▸ Task prompt
The reply should hold every record, copied exactly, and none of the pictures.

----------

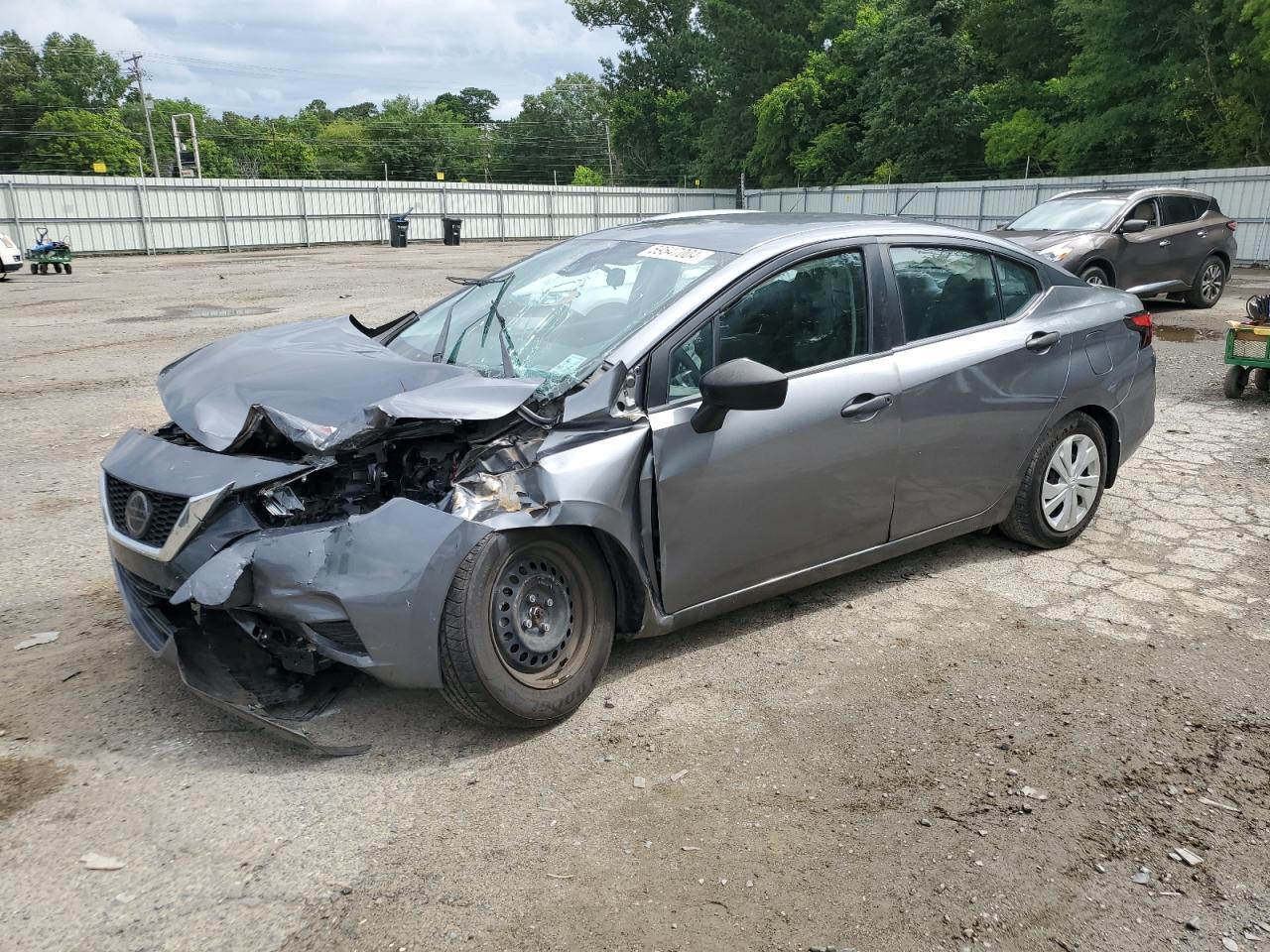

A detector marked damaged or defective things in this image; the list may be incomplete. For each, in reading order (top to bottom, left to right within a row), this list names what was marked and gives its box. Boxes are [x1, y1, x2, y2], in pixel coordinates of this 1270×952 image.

crumpled hood [990, 225, 1091, 250]
shattered windshield [1005, 197, 1127, 232]
damaged fender panel [156, 317, 538, 454]
crumpled hood [155, 317, 541, 454]
shattered windshield [386, 239, 736, 401]
damaged gray sedan [96, 215, 1153, 746]
damaged fender panel [176, 500, 492, 685]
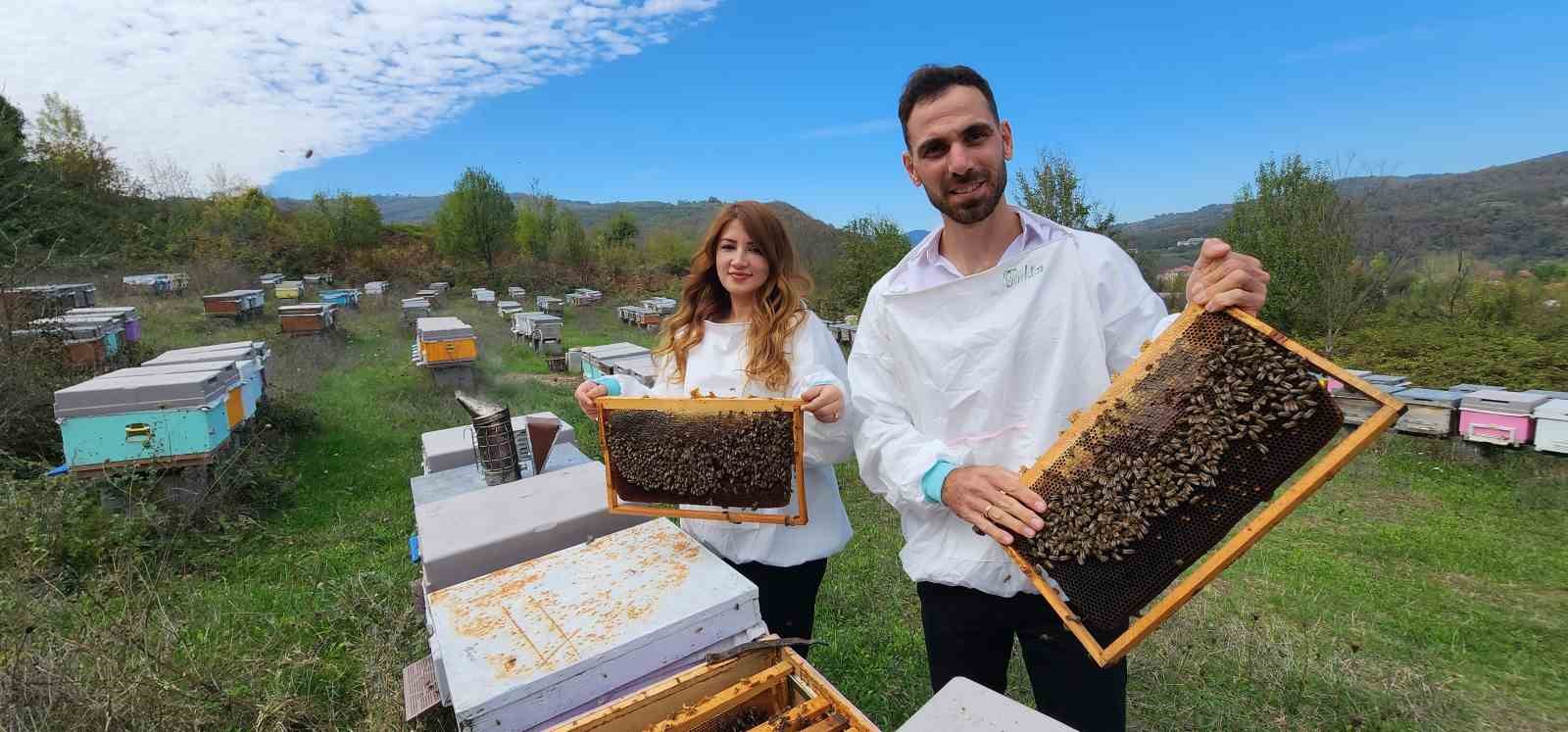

----------

▸ Written solution
A detector marked damaged or defective things in this image; the list may be incomplete. For each, in reading order (top to bottom, left to right within a row), this list names what was marked and gives its box. Boxes are [x1, y1, x2, y2], in pixel coordinates of this 1270×952 image.

crumpled hood [990, 225, 1091, 250]
shattered windshield [1005, 197, 1127, 232]
damaged fender panel [156, 317, 538, 454]
crumpled hood [155, 317, 541, 454]
shattered windshield [386, 239, 736, 401]
damaged gray sedan [96, 215, 1153, 746]
damaged fender panel [176, 500, 492, 685]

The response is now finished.